Given data -
--- START ---

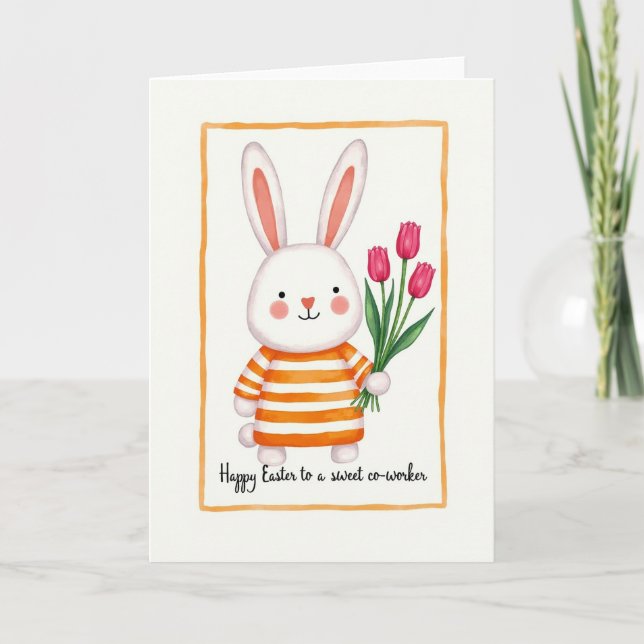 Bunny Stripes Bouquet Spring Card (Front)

--- END ---
--- START ---

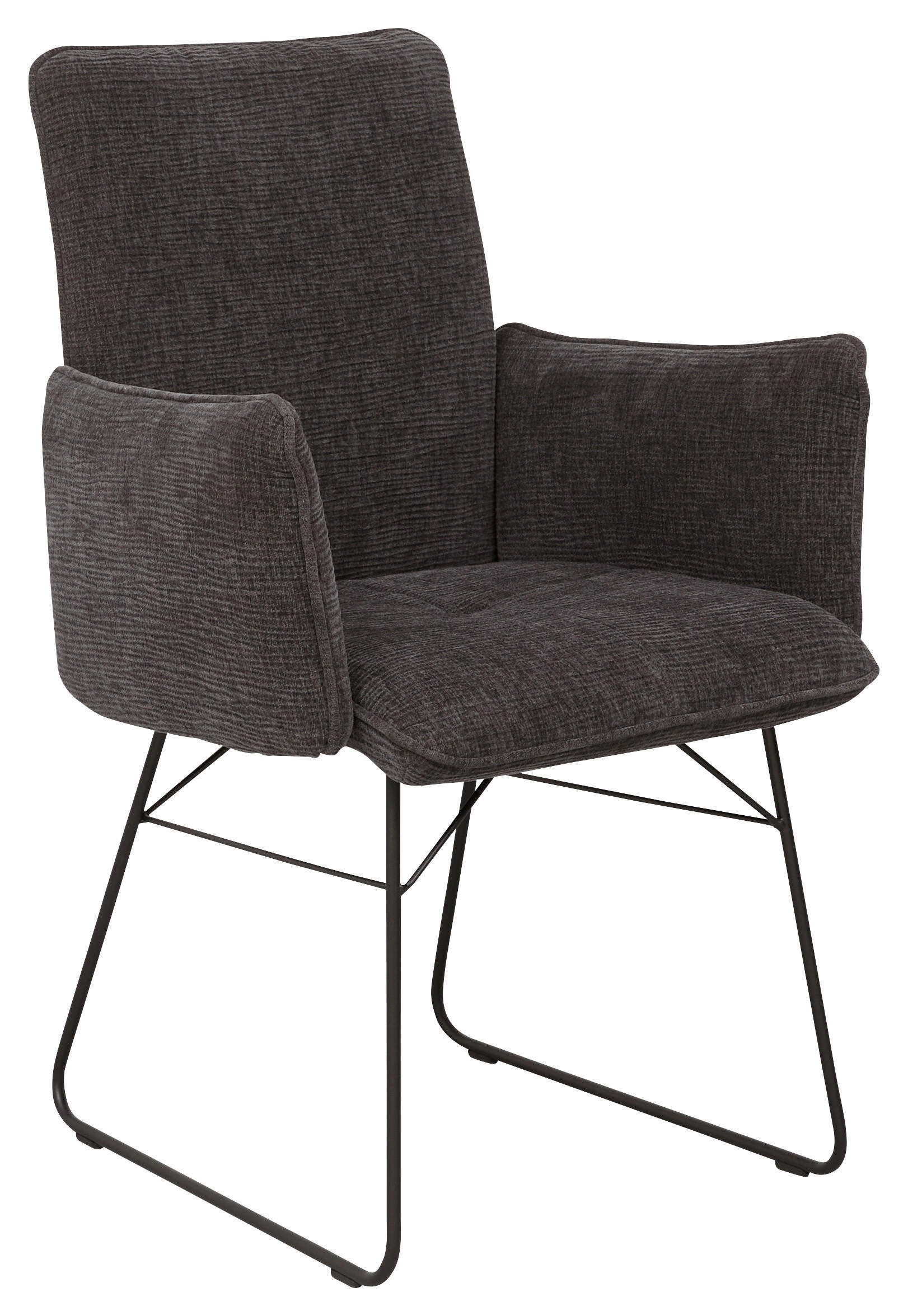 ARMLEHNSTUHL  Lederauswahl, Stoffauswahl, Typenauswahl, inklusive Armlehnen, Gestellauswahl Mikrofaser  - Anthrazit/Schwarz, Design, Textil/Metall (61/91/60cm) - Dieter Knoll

--- END ---
--- START ---

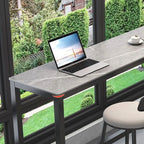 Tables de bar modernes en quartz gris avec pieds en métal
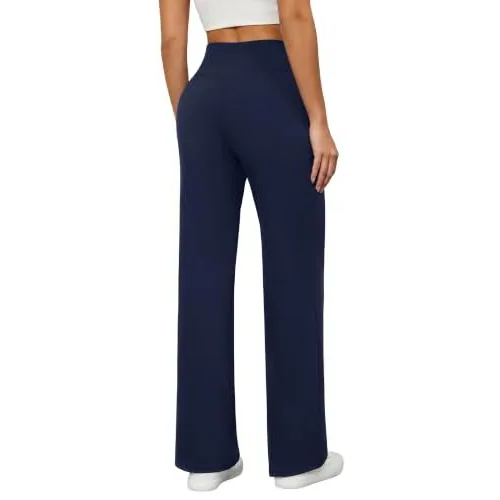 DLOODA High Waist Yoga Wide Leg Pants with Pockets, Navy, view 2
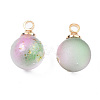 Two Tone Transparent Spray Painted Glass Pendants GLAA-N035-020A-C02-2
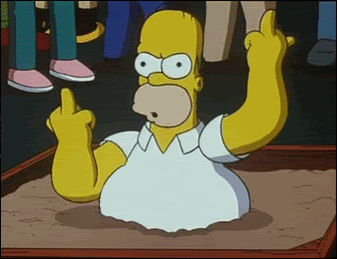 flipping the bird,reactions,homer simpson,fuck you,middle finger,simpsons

--- END ---

Problem requirements -
Restate word for word every line from the one with "Tables de bar" up to and including the one with "flipping the bird,reactions,homer" in the records above, minus the pictures.

Result of the task -
 Tables de bar modernes en quartz gris avec pieds en métal
 DLOODA High Waist Yoga Wide Leg Pants with Pockets, Navy, view 2
 Two Tone Transparent Spray Painted Glass Pendants GLAA-N035-020A-C02-2
 flipping the bird,reactions,homer simpson,fuck you,middle finger,simpsons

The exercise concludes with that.